=== Section Start ===

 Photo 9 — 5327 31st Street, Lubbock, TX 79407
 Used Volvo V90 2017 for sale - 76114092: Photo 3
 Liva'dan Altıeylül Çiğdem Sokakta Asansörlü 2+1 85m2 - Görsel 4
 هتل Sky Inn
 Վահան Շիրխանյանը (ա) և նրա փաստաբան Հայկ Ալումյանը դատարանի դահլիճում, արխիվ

=== Section End ===
=== Section Start ===

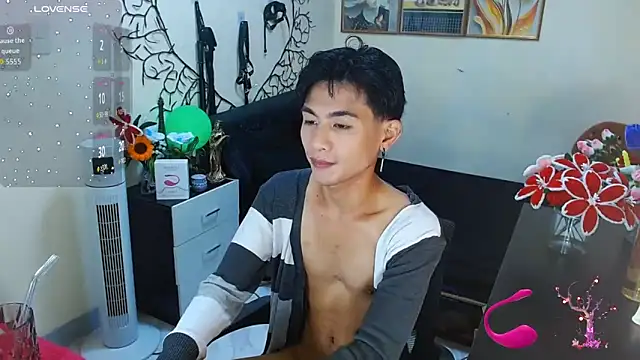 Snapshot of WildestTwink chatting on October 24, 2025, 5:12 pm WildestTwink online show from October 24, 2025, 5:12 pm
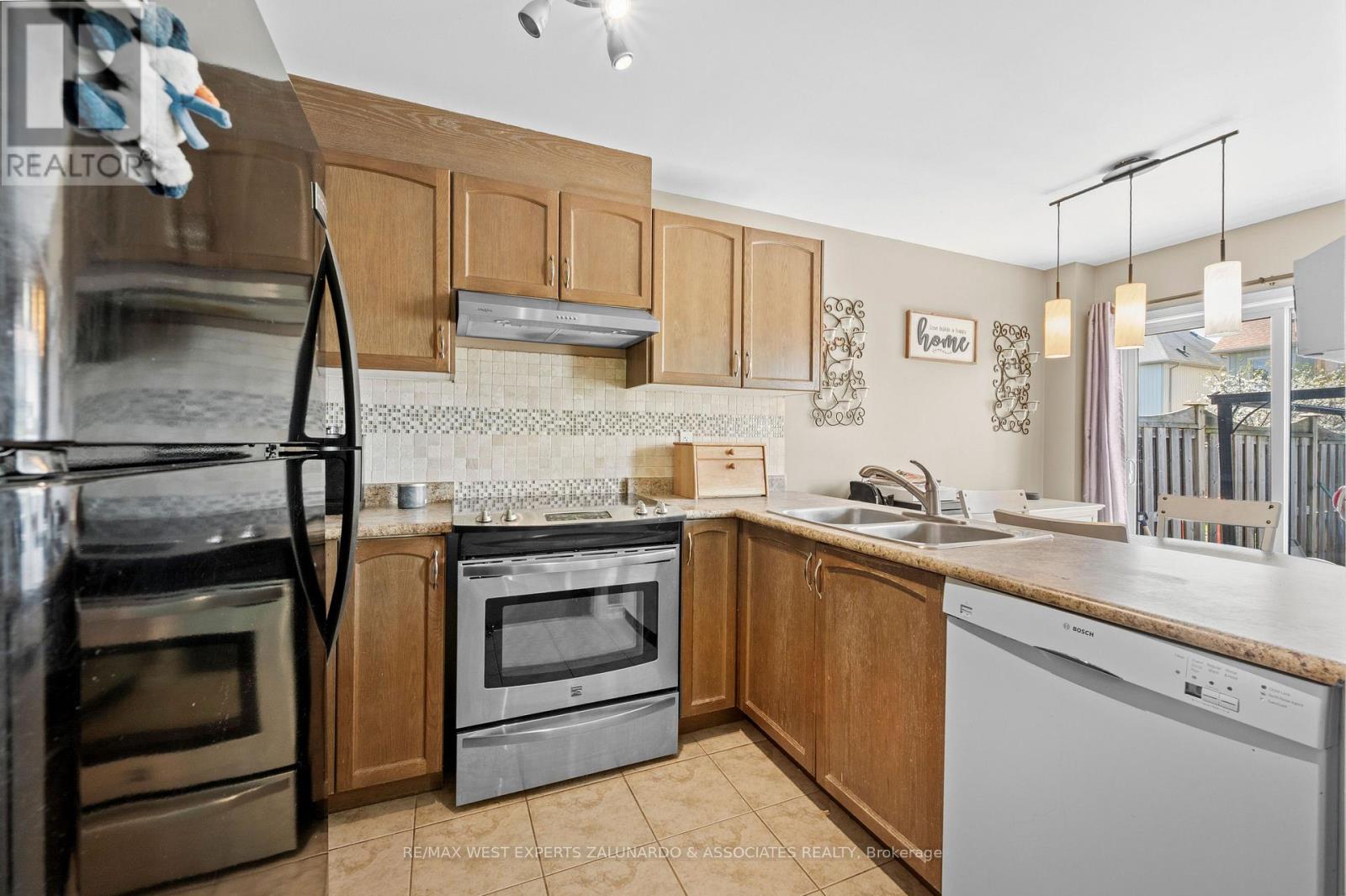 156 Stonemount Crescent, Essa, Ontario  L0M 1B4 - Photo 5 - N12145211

=== Section End ===
=== Section Start ===

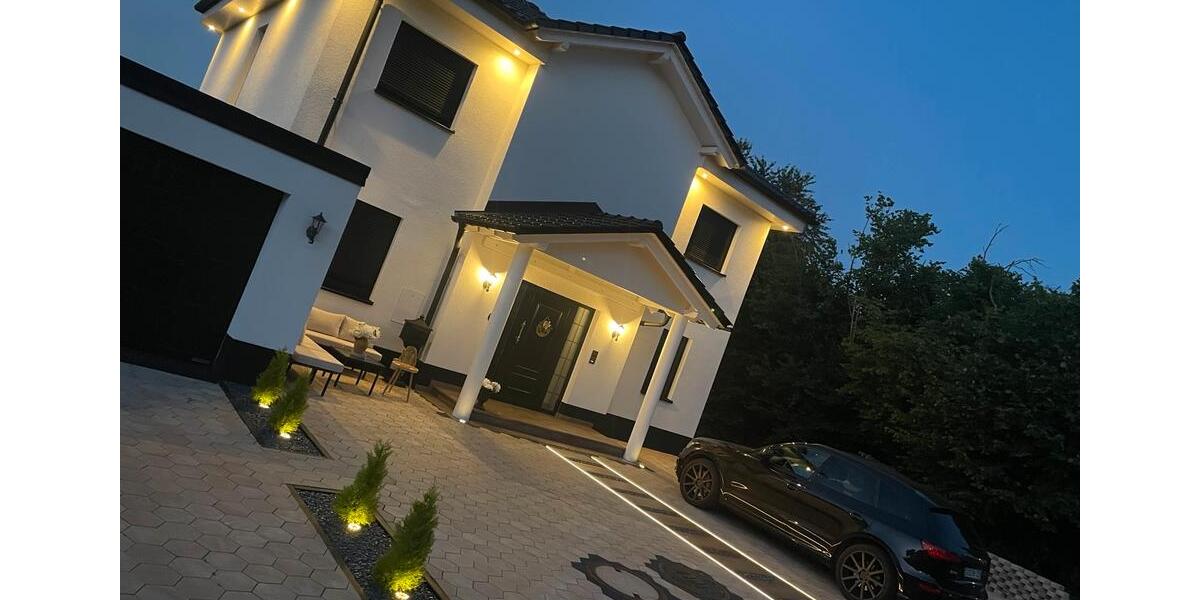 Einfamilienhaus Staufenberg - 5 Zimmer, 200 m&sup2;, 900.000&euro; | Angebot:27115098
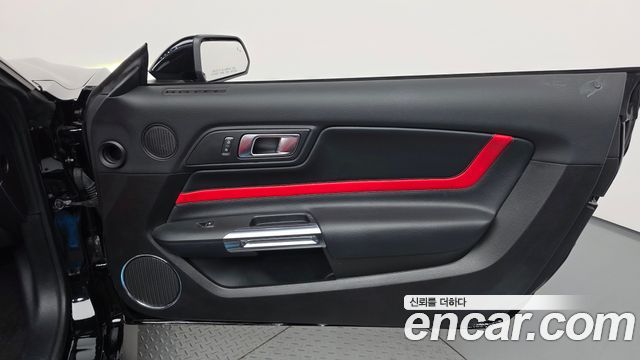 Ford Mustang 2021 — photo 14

=== Section End ===

## WORK TO BE COMPLETED
Look through the material above. Transcribe exactly the lines between the ones with "Snapshot of WildestTwink" and "156 Stonemount Crescent, Essa, Ontario", inclusive, and keep pictures out.

## PROBLEM SOLUTION
 Snapshot of WildestTwink chatting on October 24, 2025, 5:12 pm WildestTwink online show from October 24, 2025, 5:12 pm
 156 Stonemount Crescent, Essa, Ontario  L0M 1B4 - Photo 5 - N12145211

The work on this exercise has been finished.